Over 70 percent of Turkey’s population aged 18-25 said they would prefer to live abroad if given the opportunity, according to a new survey by German political foundation Konrad-Adenauer-Stiftung (KAS).
Of the participants in the survey, based on in-person interviews with over 3,200 youth in 28 Turkish provinces between May September 2021, 62.8 percent said they failed to see a “good future” for the country, while 35.2 percent said they were “completely hopeless” about Turkey.

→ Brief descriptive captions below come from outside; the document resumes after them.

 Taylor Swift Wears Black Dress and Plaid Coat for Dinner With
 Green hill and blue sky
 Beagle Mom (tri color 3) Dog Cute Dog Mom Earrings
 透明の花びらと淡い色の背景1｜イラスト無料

The survey arrives amid an economic crisis in Turkey, which has forced citizens to grapple with the country’s highest inflation rate in almost two decades. Turkey is struggling with a volatile lira, which lost 44 percent of its value last year, making it by far the worst performer in emerging markets.

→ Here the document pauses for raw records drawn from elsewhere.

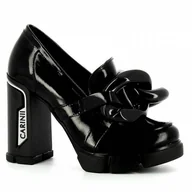 Mokasyny damskie - Czarne mokasyny na wysokim obcasie CARINII - Carinii - miniaturka - grafika 1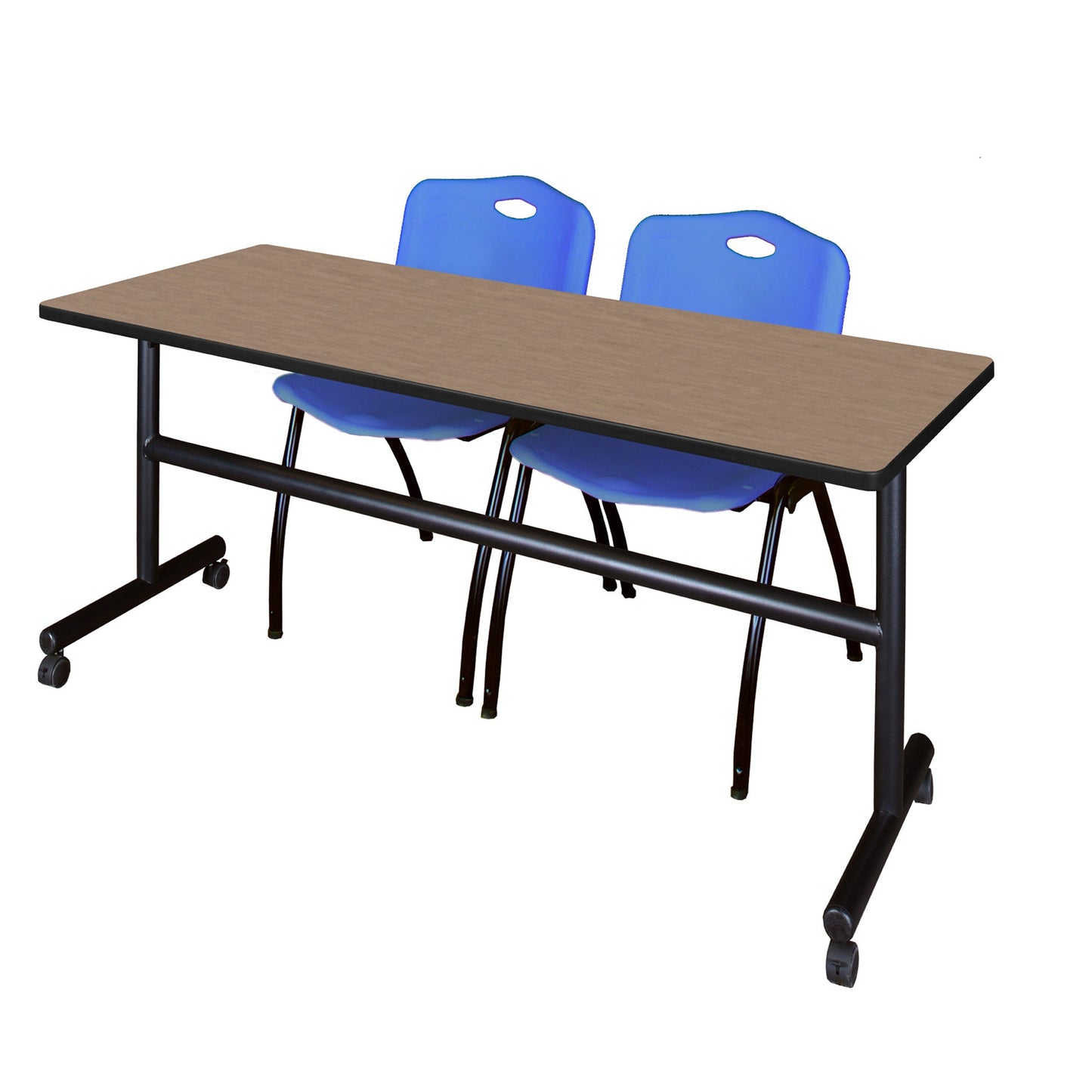 Regency Kobe Flip - Top Training Table & 2 M Stack Chairs Set 72"W x 24"D x 29"H (REG - MKFT7224 - 2M) - SchoolOutlet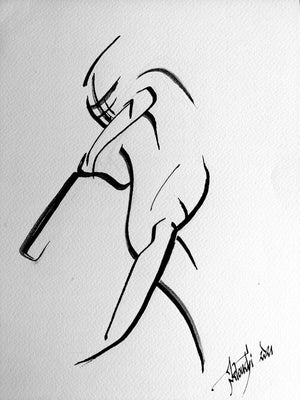 Dessin Encre Artistique, Joueur de Cricket, Cricket Batteur - par Kader KLOUCHI Artiste Peintre Sculpteur
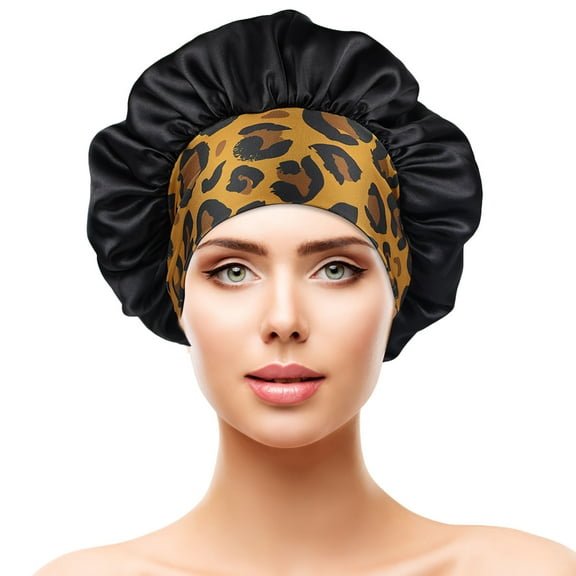 PAMINGONO Women Sleeping Hat Polyester Gold Leopard Pattern 1Pcs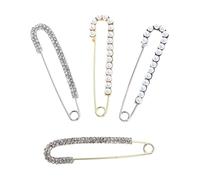 KOMBIUDA Lot de 4 Broches pour Pull en Cristaux Perles Épingles de Poitrine Décoratives pour Vêtements Accessoires Mode Féminins Élégants pour Ornements de Pulls et Manteaux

Meanwhile, the country’s youth unemployment rate rose by 1.7 percentage points in January to 22.3 percent, according to official data.
Over 82.9 percent of respondents said that they believed wealth and income were not distributed equally in Turkey while 87.3 percent said the country’s unemployment rate of 11.2 according to official records was too high.
Of those surveyed, 25.8 designated themselves as having “unhappy’’ lives, while 55.2 percent of respondents said they were “neither happy nor unhappy” with their lives.
Speaking on Turkey’s government, 62.5 percent of respondents said they were unhappy with how Turkey was being ruled, while 5.9 percent said that they were happy with President Recep Tayyip Erdoğan’s government.
Erdoğan has been in power for almost two decades, making him the only leader of Turkey the respondents have witnessed to date.
When asked who they would vote for if general elections were held between May and September of this year, the main opposition Republican People’s Party received the lion’s share of support with 23.9 percent, followed by 4.9 percent for opposition center-right Good Party, 4.7 percent for the pro-Kurdish Peoples’ Democratic Party and 4.4 percent for AKP’s far-right ally, the Nationalist Movement Party.
Meanwhile, 44.7 percent of those surveyed did not answer the election question, citing that they were either “undecided,” “would not cast a vote,” or “did not want to answer the question.’’
The 18-25 demographic, known as Generation Z, comprises seven million of Turkey’s population, whose majority will experience their first election as voters in the next polls scheduled for 2023.